Journal of Petrology | Volume 1 | Number 1 | Pages 99-120 | 1960
© Oxford University Press 1960
research-article |
Banded Gneisses
Mineralogisk-Geologisk Museum Oslo, Norway1
ABSTRACT
Banded gneisses are of diverse origins. A possibly theoretically inclusive genetic classification is proposed.
Criteria that may serve to aid distinction between possible geneses are given and their applicabilities discussed and evaluated. It is emphasized that conclusions concerning origins of multilithic rocks such as banded gneisses must take into consideration the origins of all constituent units.

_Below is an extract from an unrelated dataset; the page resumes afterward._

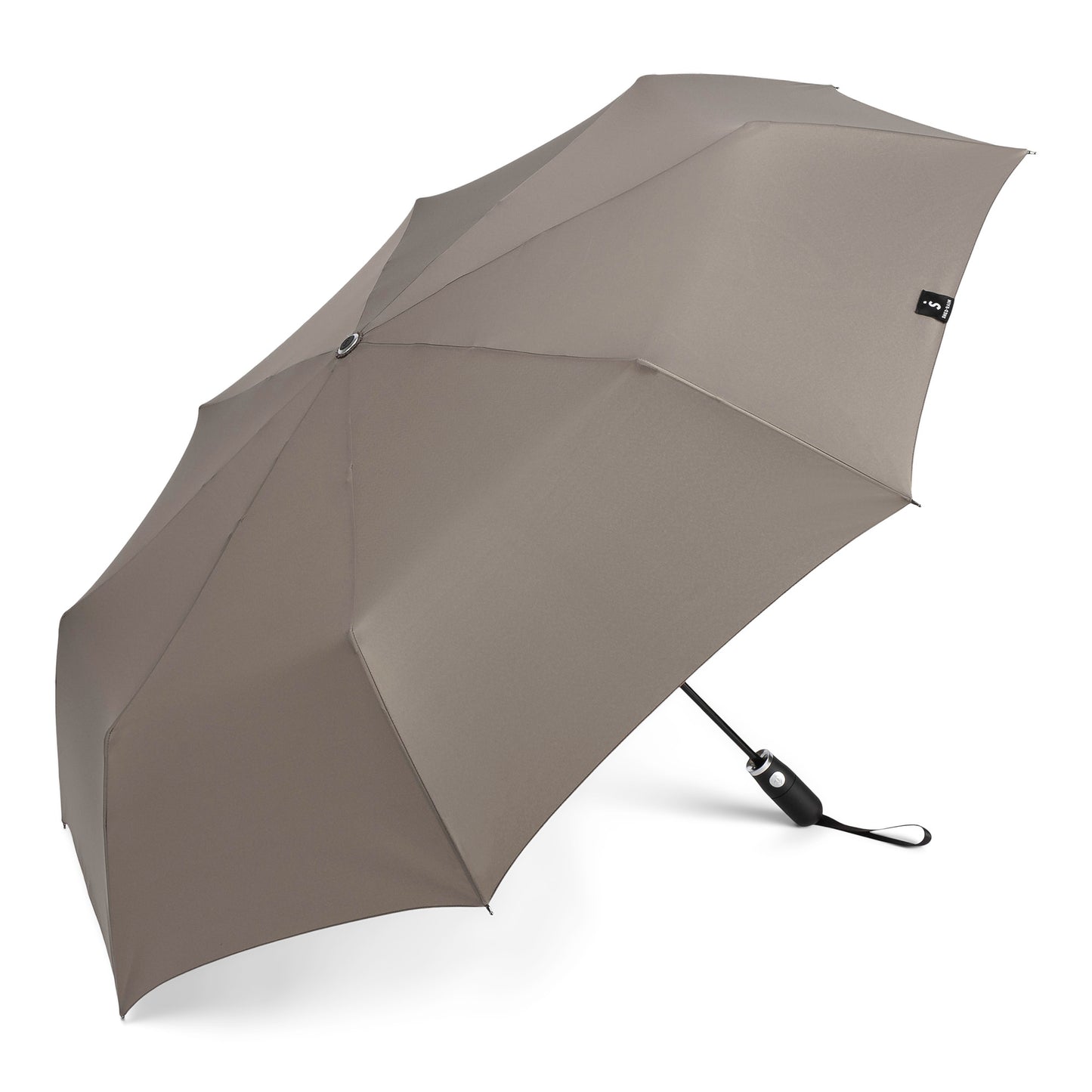 AOAC Jumbo Compact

On the basis of an intensive investigation of banded gneisses of the Randesund area of south-eastern Norway; cursory examinations of banded gneisses from southern Finland, the northern Pyrenees of France, the south-western Black Forest of Germany, Ornö Huvud of eastern Sweden, and two root zone areas of the southern Alps of Switzerland; and a review of the geological literature concerned with banded gneisses the following conclusions are made. (1) The banding of nearly all banded gneisses reflects directly or reflects formation controlled by supracrustal layering; (2) some banded gneisses may reflect formation controlled by structural features such as cleavage; (3) some banded gneisses could have been formed by lit par lit injection (controlled by (1) or (2)); and, (4) presently observable banding of many banded gneisses is probably hybrid in that after it was formed originally it was subsequently modified (commonly accentuated) as the result of differential anatexis, permeation, metamorphic differentiation, differential cataclasis, or some combination of such processes.